While the film is slowly becoming a reality, Quy is still seeking additional funding to bring it through post-production. An IndieGogo crowdfunding page is now live, soliciting donations to complete the piece. Though crowdfunding is still a relatively new practice in Vietnam, and Quy himself admits he's not much of a social media maven, the filmmaker hopes to supplement any additional funding he receives with online contributions.
For the initial production of City of Mirrors, Quy was able to secure a budget through the Danish embassy's Cultural Development and Exchange Fund (CDEF), allowing him to spend those two months in Buon Ma Thuot.

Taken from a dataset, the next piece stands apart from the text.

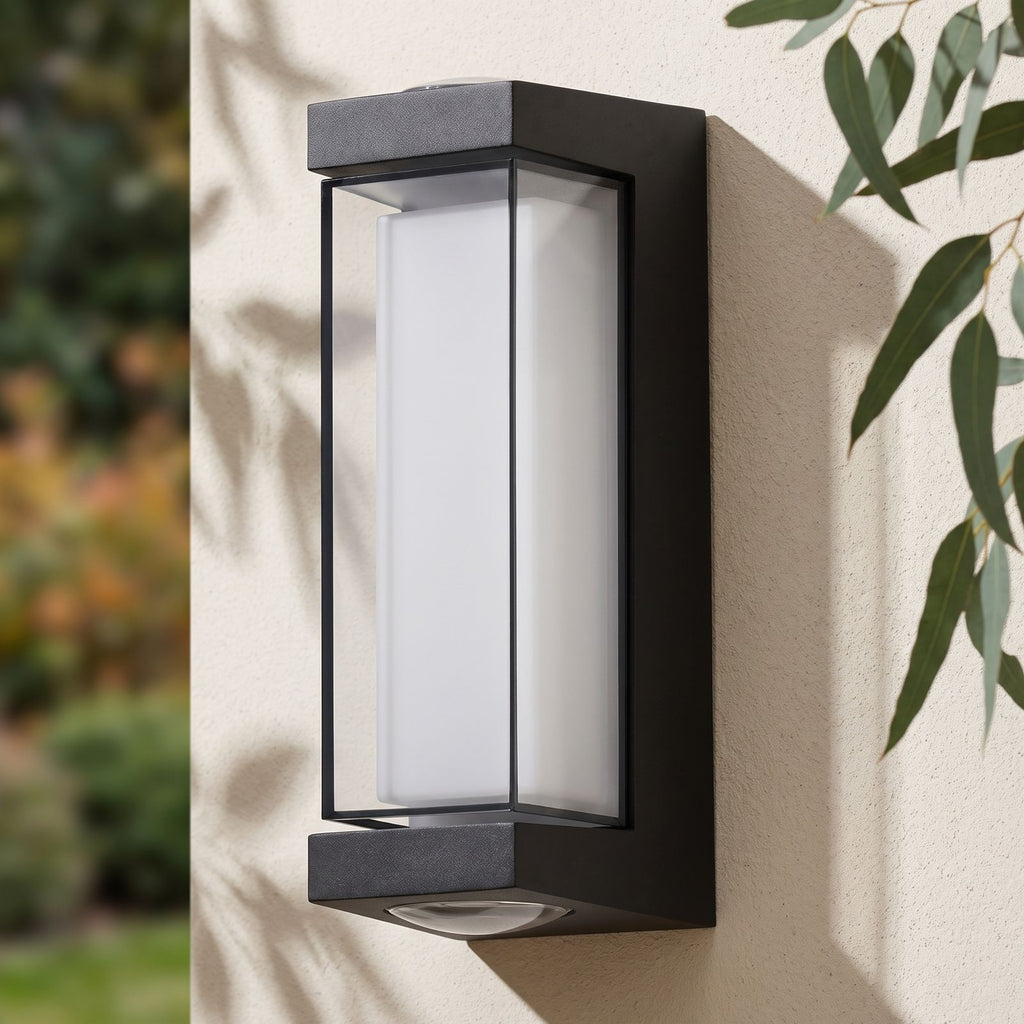 Black Up Down Outdoor Wall Light on a rendered wall, angled close view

Though he considered waiting for additional funding to cover the film's post-production before beginning to shoot, the young filmmaker felt he couldn't delay its production.

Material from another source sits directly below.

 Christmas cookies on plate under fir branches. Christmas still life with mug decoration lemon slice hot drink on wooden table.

“Actually, the budget [CDEF] gave me is small compared to the other productions, but I used that to make the film because I could not wait,” Quy says. “If it were a film about a fictional story with professional actors or something I could wait, but for this film, because I made it about my family with my parents in the film, I know that the situation will change, the people will change, so I have to do it.”

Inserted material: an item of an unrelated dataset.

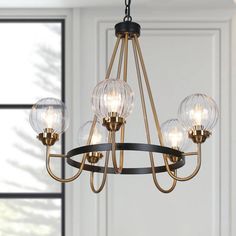 a chandelier with five clear globes hanging from it's metal frame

In the end, Quy's bare-bones production lends the film's raw footage a more personal feel. Minimal lighting, handheld camera work and family members as actors give the story a slightly rough-around-the-edges quality which Quy embraces. During production, for instance, the filmmaker would only show his parents their lines just before rolling the camera.
“I like that clumsiness,” the filmmaker explains. “If I let them learn by heart the dialogue maybe it's better, but it's just the method of working for this film.”
Moving forward, with several short films under his belt and this full-length undertaking still in the works, Quy aims to continue his ambitious goal of making at least one film a year. Since the former film school student left the Ho Chi Minh City University of Theater and Cinema in 2010, Quy has managed to maintain this level of output despite the challenges of funding independent films in Vietnam.
“It's like a psychological motivation,” he explains of his decision to drop out of film school. “You have to push yourself into a very risky situation.”
While risky situations can make for added stress, Quy is optimistic about the state of independent Vietnamese cinema and how it fits into his style of filmmaking.
“Even I am still confused about the 'independent' term because we cannot [make films] alone, so independent doesn't mean that we do everything alone,” says Quy. “I think it's a matter of life that we have to compromise at some point, so I think, in terms of being independent, it means that you know when you need to compromise and when you cannot.”